I-Mutant 3.0 (http://gpcr2.biocomp.unibo.it/cgi/predictors/I-Mutant3.0/I-Mutant3.0.cgi) is a support vector machine (SVM)-based tool that is used to predict the protein stability change caused by a single-nucleotide substitution (Capriotti, Fariselli, & Casadio, 2005b). Input for this tool was the use of structure or sequence of the protein. We used sequence-based input for analysis. It predicted the protein stability change in three different classes such as neutral mutation when the value of DDG was between −0.5 and 0.5 (−0.5 ≤ DDG ≤ 0.5 kcal/mol), a large decrease (<−0.5 kcal/mol), and a large increase (˃0.5 kcal/mol) (Capriotti et al., 2006). The output file represents the predicted free energy change (DDG) value, which was calculated from the folding Gibbs free energy of the mutated protein minus the unfolding free energy value of the native protein (Capriotti et al., 2006; Capriotti, Fariselli, Calabrese, & Casadio, 2005a).

The impact of nsSNP on protein stability was further predicted by the mutation cut-off scanning matrix (mCSM) (http://biosig.unimelb.edu.au/mcsm/stability) server, which calculated the impacts of amino acid substitution based on atomic distance patterns. Three-dimensional structures, predicted from homology modeling, was provided as input, where the destabilizing variants were characterized by their resultant output score from the mCSM server (Pires, Ascher, & Blundell, 2013).

Mutation assessor (http://mutationassessor.org/r3) is an online-based tool that assesses the functional effect on the basis of evolutionary conservation of the impacted amino acid and validated using disease-related Online Mendelian inheritance in men and the polymorphic database (Reva, Antipin, & Sander, 2011). The protein ID was submitted to the server with the default configuration for assessing functional behavior of mutations, where the functional impact of a substitution is classified as neutral, low, medium, or high.
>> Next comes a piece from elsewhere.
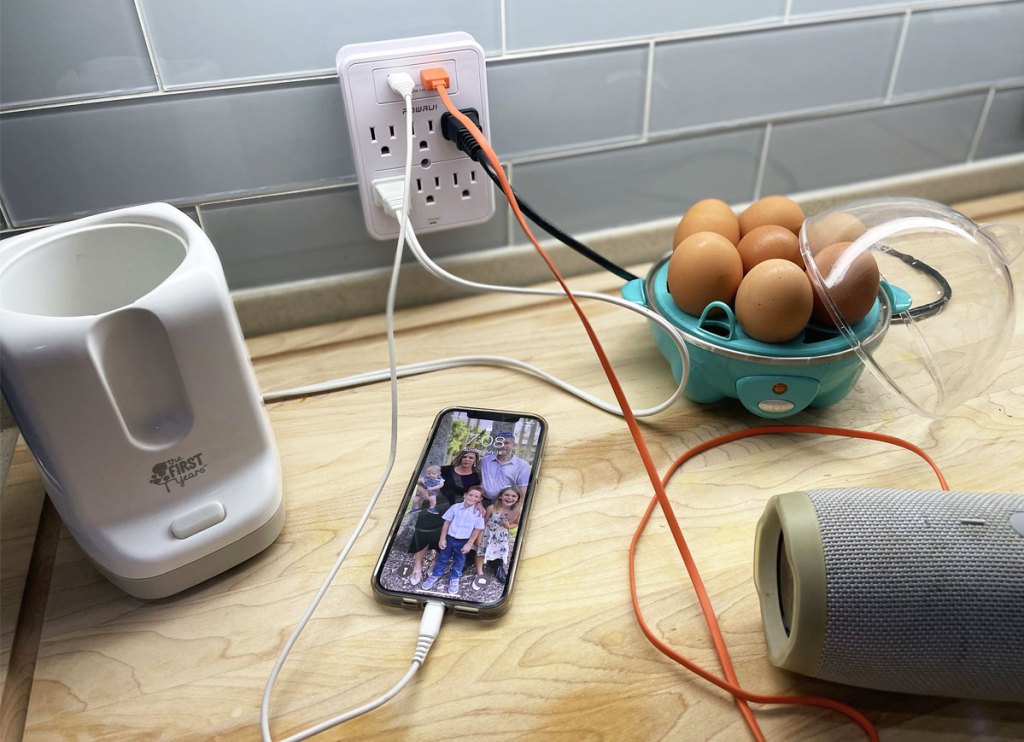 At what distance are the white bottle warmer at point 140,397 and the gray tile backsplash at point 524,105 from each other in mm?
150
PhD-SNP, also known as predictor of human deleterious single-nucleotide polymorphisms (SNPs) (http://snps.biofold.org/phd-snp/phd-snp.html) is an SVM classifier that is optimized to assess whether a nonsynonymous single-point mutation can be grouped as disease-associated or neutral polymorphism from protein sequence information (Capriotti et al., 2006). The techniques are calculated by using BLAST software (Altschul et al., 1997) against the UniRef90 database (Suzek, Huang, McGarvey, Mazumder, & Wu, 2007) as entry data about the mutation, such as its background setting and status at the genetically altered site. PhD-SNP yields an output grade (range 0–1) for each mutation, which reflects the likelihood means; this nsSNP will be connected with disease. The technique claims that 0.5 is the threshold below which disease-associated nsSNPs are expected to be (Capriotti, Altman, & Bromberg, 2013a).

SNPs&GO (http://snps.biofold.org/snps-and-go/snps-and-go.html), based on the information of molecular and functional information from the gene ontology (GO) database, calculates deleterious effect of nsSNPs, where resultant output provides a probability value. Probability values greater than 0.5 are considered to represent nsSNP as disease-causing (Capriotti et al., 2013b).
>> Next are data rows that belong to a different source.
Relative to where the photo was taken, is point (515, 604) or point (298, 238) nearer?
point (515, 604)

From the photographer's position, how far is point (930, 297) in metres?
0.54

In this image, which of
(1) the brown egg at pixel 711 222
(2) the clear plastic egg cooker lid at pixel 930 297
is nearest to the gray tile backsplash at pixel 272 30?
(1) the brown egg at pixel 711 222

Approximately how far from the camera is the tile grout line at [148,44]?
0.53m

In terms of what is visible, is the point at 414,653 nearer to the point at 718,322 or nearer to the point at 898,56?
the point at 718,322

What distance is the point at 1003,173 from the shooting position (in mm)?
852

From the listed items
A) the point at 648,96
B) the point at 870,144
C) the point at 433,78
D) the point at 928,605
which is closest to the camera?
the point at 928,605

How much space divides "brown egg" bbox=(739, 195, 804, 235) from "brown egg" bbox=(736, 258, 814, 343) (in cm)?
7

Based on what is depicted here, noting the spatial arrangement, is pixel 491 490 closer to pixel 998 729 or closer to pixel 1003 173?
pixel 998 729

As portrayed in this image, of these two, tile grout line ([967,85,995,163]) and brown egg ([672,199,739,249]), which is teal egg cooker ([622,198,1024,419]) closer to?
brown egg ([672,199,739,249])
VEST (variant effect scoring tool) (http://www.cravat.us/CRAVAT) is a machine learning strategy to assess the possibility of a missense mutation impairing a protein's functions. VEST utilizes a model for statistical hypothesis testing to assign predictions to P-values. These P-values could be compiled across various disease exomes at the gene stage to evaluate them for possible involvement in disease. The principal distinction in the VEST method is that the training set and methodology of the forecast are explicitly designed for Mendelian studies (Carter, Douville, Stenson, Cooper, & Karchin, 2013).
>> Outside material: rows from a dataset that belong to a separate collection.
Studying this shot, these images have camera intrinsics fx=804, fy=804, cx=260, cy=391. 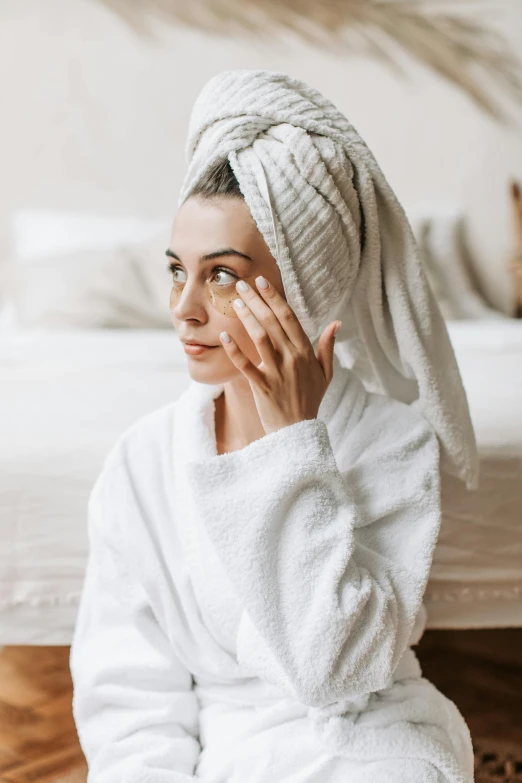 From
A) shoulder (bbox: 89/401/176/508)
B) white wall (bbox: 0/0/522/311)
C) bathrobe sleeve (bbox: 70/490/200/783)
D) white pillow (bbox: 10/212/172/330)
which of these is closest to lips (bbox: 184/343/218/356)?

2.3 Characterization of protein stability changed by mutations

MUpro (http://mupro.proteomics.ics.uci.edu) is a set of machine learning programs to predict how single-site amino acid mutation affects protein stability (Cheng, Randall, & Baldi, 2006). To analyze protein stability change by MUpro, there is no need for a tertiary protein structure, but a protein sequence in FASTA format can be used. To predict the sign of energy change using SVMs and neural networks, a method used effects of mutation on protein stability and a confidence score between −1 and 1 to measure the confidence of the prediction. A score <0 means the mutation decreases the protein stability. The smaller the score, the more confident the prediction. Conversely, a score of >0 means the mutation increases the protein stability. The bigger the score, the more confident the prediction.

I-Mutant 2.0 (Seq) (http://biofold.org/folding) is an SVM-based web server for the automatic prediction of protein stability changes upon single-site mutations. The tool was trained on a dataset derived from ProTherm (Bava, Gromiha, Uedaira, Kitajima, & Sarai, 2004), which presently contains the most comprehensive database of experimental data on protein mutations. This predictor can evaluate the stability change upon the single-site mutation starting from the protein structure or the protein sequence. This server is optimized to predict the protein stability change upon mutation either starting from the protein structure or the protein sequence. In both cases, the end-user can predict the protein stability change corresponding to all possible mutations of a particular residue, or ask only for a specific mutation. In either case, I-Mutant 2.0 can predict the direction of the free energy change and its value. For either prediction, the option is to predict the sign (increase +, decrease −) of the free energy change (DDG) or its value (± DDG) upon mutation (Capriotti et al., 2005b).

iStable (http://predictor.nchu.edu.tw/istable/indexSeq.php) uses an SVM to predict protein stability changes upon single amino acid residue mutations (Chen, Lin, & Chu, 2013). Structure and sequence can both be used as input. In this study, we used sequence-based input to analyze the stability change. In the construction of iStable, five web-based prediction tools were chosen as element predictors: I-Mutant 2.0 (Capriotti et al., 2005a), MUpro (Cheng et al., 2006), AUTO-MUTE (Masso & Vaisman, 2008), PoPMuSiC 2.0 (Dehouck et al., 2009), and CUPSAT (Parthiban, Gromiha, & Schomburg, 2006). We then obtained the output result as decreased stability with a confidence score.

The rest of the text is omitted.